Marco Oliveira, sócio-fundador da O4B, consultoria estratégica para negócios de médio e grande porte, afirma que esse é um elemento fundamental para estimular vendas e melhorar a satisfação dos clientes, o que leva à fidelização destes. “Há um tempo, bastava que o produto ou serviço fosse de qualidade e tivesse um bom preço. Hoje só isso já não é mais suficiente. São inúmeros requisitos levados em consideração pelos clientes, que são atraídos atualmente por experiências e sentimentos. Se o negócio não conseguir entender isso, terá dificuldades em prosperar no mercado atual”, garante o executivo.

O desejo do consumidor por maior personalização por parte da empresa nas ações e processos é sinal de que os últimos três anos aceleraram uma tendência que já estava se desenvolvendo, explica Marco. “Para quem estava atento aos movimentos do mercado, essa é uma constatação óbvia. Os clientes querem um serviço personalizado de ponta a ponta, desde o primeiro contato até a conclusão da experiência. E tendem a não voltar mais depois de apenas uma experiência ruim, o que é confirmado pela pesquisa da Adyen/KPMG, que levantou que 70% dos clientes adotam este comportamento”.

Como lidar, então, com as mudanças do mercado para atender aos desejos do consumidor? A resposta pode parecer óbvia, mas é real: “Conheça a fundo o seu cliente e o que ele espera da sua empresa e trace estratégias que alinhem inteligência de produto com serviços que proporcionem boas experiências ao cliente – como entrega ágil, atendimento de alto nível no pós-venda e até mesmo adequações de portfólio conforme o feedback do consumidor”, diz o executivo da O4B.
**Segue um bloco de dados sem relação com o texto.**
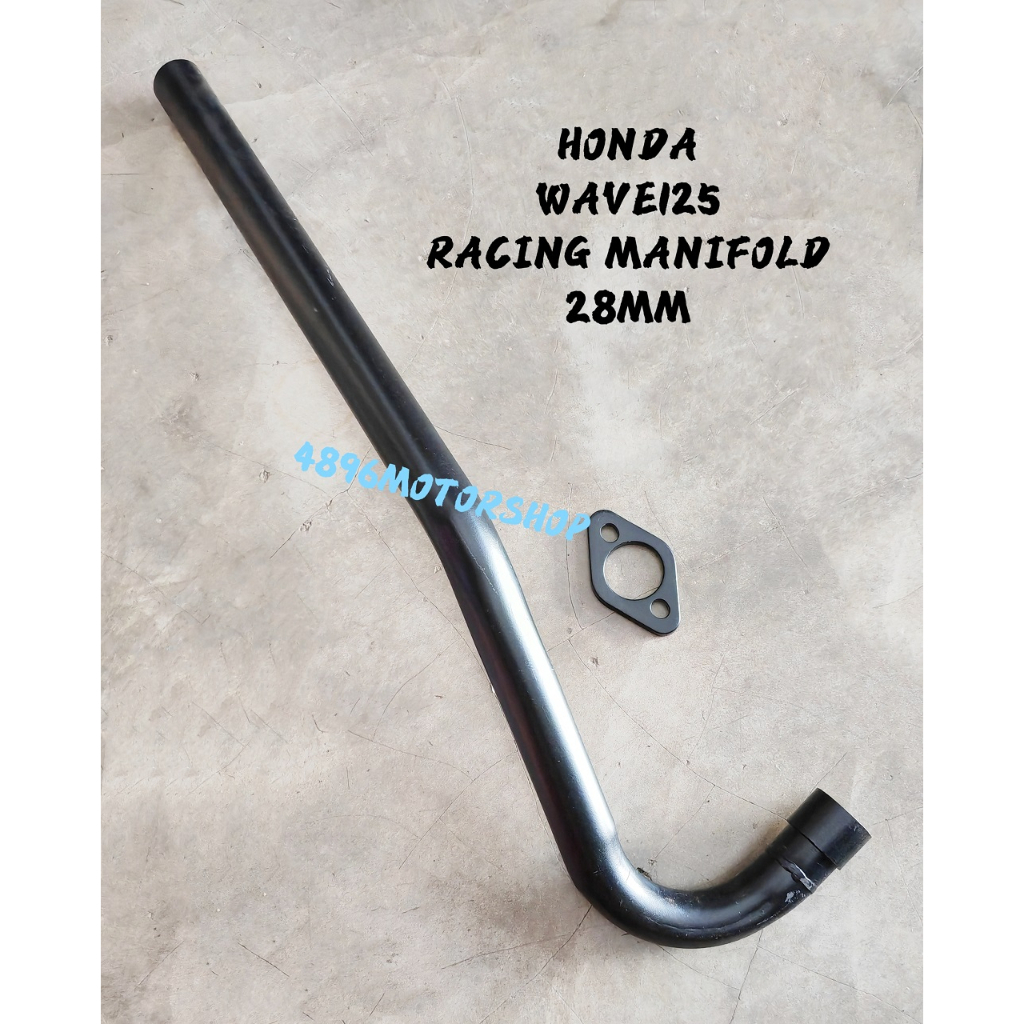 HONDA WAVE125 WAVE 125 28MM 32MM RACING FRONT PIPE MANIFUL MANIFOLD ...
De acordo com pesquisas da McKinsey & Company, empresas que colocam o cliente no centro, como foco do negócio, têm 60% mais chances de satisfazê-los. Já um levantamento da Harvard Business Review constatou que aumentar a retenção dos clientes em 5% pode levar a quase 100% no aumento dos lucros. “O cliente deve estar no centro de todas as decisões da empresa, pois é ele quem define o sucesso ou fracasso de um negócio e a tomada de decisão ou alinhamento da estratégia de mercado deve olhar para o comportamento do consumidor e suas tendências. Ao olhar para o cliente e ouvir com atenção sobre suas dores e necessidades, ficará mais simples desenhar as melhores estratégias mercadológicas para o sucesso da empresa e da relação com o consumidor”, explica Marco.
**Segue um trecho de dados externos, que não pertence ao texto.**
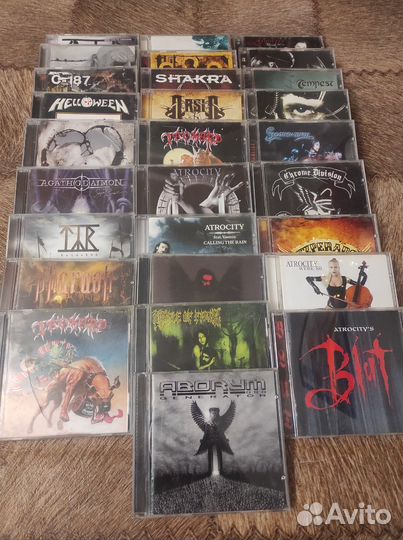 CD диски (Irond cd, cd максимум, Фоно)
Essa centricidade do cliente leva também a entender, como um todo, qual é a jornada dele: onde ele se encontra, aonde ele pretende chegar ao buscar o serviço ou produto da empresa e se efetivamente alcança seu objetivo ao final do caminho. Marco diz que os clientes estão cada vez mais impacientes e exigentes e as empresas precisam estar atentas a este movimento. “Estudos mostram que pode ser até sete vezes mais caro atrair um novo cliente do que reter os antigos. Desta forma, para que a jornada deste consumidor seja plena, é importante eliminar barreiras e tornar a transição entre etapas mais direta possível. Essa simplificação pode transformar um interesse em uma venda, e uma venda em fidelização, o que representa maior receita no fim das contas”, destaca.

O executivo ainda afirma que, no cenário atual do mercado, é fundamental apostar constantemente em diferentes maneiras de encantar seus clientes. “Soluções tecnológicas, como o uso da Inteligência Artificial nos processos para a identificação dos sentimentos ao longo da jornada, são uma boa estratégia. Ou quem sabe uma mudança nos processos internos da empresa. Uma coisa é certa: a demora para se adaptar e oferecer experiências mais rápidas e convenientes pode levar ao inevitável risco de perder o seu cliente”, conclui Marco.